¿Se puede vivir del arte?

En su última película, Por el dinero (2019), el director Alejo Moguillansky reflexiona sobre los modos en los que subiste el arte y critica al capitalismo y su desigualdad.

 Por Ignacio Barragán

Si algo caracteriza a las obras de Alejo Moguillansky son aquellas diatribas que giran en torno a los medios de producción y sus trabajadores. Discursos que interpelan los modos de distribución en el mundo del arte y particularmente los trasfondos en las maneras de hacer cine. Por el dinero (2019), su última película, sigue esa línea pero va por mas. Es una historia extravagante que encuadra una crítica al capitalismo y su subsecuente desigualdad, una narración superpuesta entre marxismo y cine independiente.

Un argumento prácticamente salido de un libro de César Aira es el motor que utiliza Moguillansky para preguntarse si se puede vivir del arte. De Buenos Aires a Colombia la cámara registra a un grupo de actores, directores, sonidistas, músicos y camarógrafos intentando ganarse la vida en un mundo cruel y sin subvenciones estatales. Esta troupe está compuesta por Luciana Acuña, actriz y coreógrafa; Gabriel Chwojnik, músico; el propio Alejo y Matthieu Perpoint, un actor francés carismático que parece inspirado en una película de Louis Malle. Es decir, trabajadores de la cultura. Estos personajes, que a la vez no lo son, juegan a que son artistas y, en el medio de toda esa performance, hacen una película.

Como en otras producciones de Pampero Films, acá también están presentes algunos vicios de la nouvelle vague. No solo en esta película sino en gran parte de la filmografía de esa productora se plantean una serie de cuestiones estéticas y éticas que devienen del cine francés de los sesenta. Romper la cuarta pared, las corridas, cortes abruptos de sonido, el homenaje y también la burla son parte de un repertorio ya repetido hasta el hartazgo que flaco favor le hacen al cine argentino. Si bien en Moguillansky resulta ambigua esta evocación a viejas figuras del canon -ya que es a la vez guiño y parodia-, lo que podría parecer un hermoso gag de Buster Keaton se termina convirtiendo en un loop eterno de Bande à part (1964) de Godard.
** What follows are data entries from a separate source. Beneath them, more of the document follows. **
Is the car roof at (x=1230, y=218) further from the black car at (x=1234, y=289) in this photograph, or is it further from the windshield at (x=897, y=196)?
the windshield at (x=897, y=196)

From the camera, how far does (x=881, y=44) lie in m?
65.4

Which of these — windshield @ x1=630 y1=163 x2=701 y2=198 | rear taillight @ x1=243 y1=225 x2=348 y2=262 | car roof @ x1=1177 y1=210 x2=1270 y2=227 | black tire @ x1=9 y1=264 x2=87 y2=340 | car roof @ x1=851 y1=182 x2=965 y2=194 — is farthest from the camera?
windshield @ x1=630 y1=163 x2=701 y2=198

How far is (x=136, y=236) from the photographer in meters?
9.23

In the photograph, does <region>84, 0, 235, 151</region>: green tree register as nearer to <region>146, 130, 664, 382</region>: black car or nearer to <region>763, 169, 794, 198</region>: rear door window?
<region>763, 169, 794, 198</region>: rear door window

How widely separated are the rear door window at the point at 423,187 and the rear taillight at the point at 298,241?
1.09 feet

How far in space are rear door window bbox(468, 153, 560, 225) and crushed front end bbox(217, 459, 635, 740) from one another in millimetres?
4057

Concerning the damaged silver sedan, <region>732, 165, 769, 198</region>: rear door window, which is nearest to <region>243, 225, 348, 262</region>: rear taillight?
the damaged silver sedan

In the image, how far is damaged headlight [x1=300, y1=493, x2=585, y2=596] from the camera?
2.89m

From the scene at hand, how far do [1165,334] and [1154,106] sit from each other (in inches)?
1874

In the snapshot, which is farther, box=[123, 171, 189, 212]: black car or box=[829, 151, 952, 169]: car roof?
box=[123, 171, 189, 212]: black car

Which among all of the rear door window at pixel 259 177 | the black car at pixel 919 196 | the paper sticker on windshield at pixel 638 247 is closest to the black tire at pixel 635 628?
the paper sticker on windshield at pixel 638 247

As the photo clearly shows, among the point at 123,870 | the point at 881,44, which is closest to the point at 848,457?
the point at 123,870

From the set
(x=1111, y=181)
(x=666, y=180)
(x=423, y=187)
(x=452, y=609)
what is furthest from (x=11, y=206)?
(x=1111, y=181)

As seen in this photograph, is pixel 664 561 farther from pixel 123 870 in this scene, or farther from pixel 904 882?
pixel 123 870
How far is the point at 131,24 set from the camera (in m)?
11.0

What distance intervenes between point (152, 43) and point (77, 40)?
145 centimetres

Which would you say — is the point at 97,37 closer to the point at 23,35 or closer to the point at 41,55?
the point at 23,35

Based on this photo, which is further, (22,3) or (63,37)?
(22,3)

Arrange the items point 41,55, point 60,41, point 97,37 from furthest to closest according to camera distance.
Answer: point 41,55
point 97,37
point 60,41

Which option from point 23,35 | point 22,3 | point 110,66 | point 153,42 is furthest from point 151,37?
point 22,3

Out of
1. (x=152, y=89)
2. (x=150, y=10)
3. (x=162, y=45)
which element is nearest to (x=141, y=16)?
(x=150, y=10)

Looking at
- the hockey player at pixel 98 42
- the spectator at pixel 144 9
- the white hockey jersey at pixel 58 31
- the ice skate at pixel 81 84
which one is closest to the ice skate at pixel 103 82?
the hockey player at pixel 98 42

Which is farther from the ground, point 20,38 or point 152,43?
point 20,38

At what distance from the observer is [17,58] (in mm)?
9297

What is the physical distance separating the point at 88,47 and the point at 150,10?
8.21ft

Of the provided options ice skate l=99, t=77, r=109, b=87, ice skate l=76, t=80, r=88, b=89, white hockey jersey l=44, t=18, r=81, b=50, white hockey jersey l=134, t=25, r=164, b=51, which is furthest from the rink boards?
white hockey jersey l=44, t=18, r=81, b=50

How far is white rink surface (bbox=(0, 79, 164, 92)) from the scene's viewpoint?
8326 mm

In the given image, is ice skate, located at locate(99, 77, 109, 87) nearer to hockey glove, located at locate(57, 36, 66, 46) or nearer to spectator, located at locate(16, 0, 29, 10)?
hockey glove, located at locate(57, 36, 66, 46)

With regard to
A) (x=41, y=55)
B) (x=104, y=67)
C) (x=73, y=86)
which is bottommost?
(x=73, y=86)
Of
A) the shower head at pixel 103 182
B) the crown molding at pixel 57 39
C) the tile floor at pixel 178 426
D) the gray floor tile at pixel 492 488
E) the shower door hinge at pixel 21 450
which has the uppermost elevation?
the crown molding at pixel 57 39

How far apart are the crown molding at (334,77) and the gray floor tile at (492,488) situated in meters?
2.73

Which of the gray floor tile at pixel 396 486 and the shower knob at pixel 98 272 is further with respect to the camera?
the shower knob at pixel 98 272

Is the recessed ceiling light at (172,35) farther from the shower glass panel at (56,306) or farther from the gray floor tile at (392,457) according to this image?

De todas maneras, en la obra del director la música es decisiva y Moguillansky siempre logra destacarse en ese aspecto. En ese sentido, el trabajo de Gabriel Chwojnik es sutil y efectivo: lejos de ser algo homogéneo, la musicalidad del film se diversifica y transporta por distintos escenarios, como lo puede ser un single de publicidad o una obra de teatro experimental. Los choques entre distintos géneros emulan las olas de un mar arrastrando una lata oxidada en la orilla, el ruido metálico frente a la brisa.

Lo más importante del cine de Alejo Moguillansky es que hace reír. Más allá de que la excusa de la película sea problematizar los modos en los que subsiste el arte y la problemática del mecenazgo -como lo hacen El loro y el cisne (2013) o La vendedora de fósforos (2017)-, siempre la superficie se plantea como una comedia. El amor y la ternura con la que el lente de Moguillansky retrata a estos personajes hacen olvidar que a veces el mundo del cine independiente puede ser mucho de sudor y lágrimas.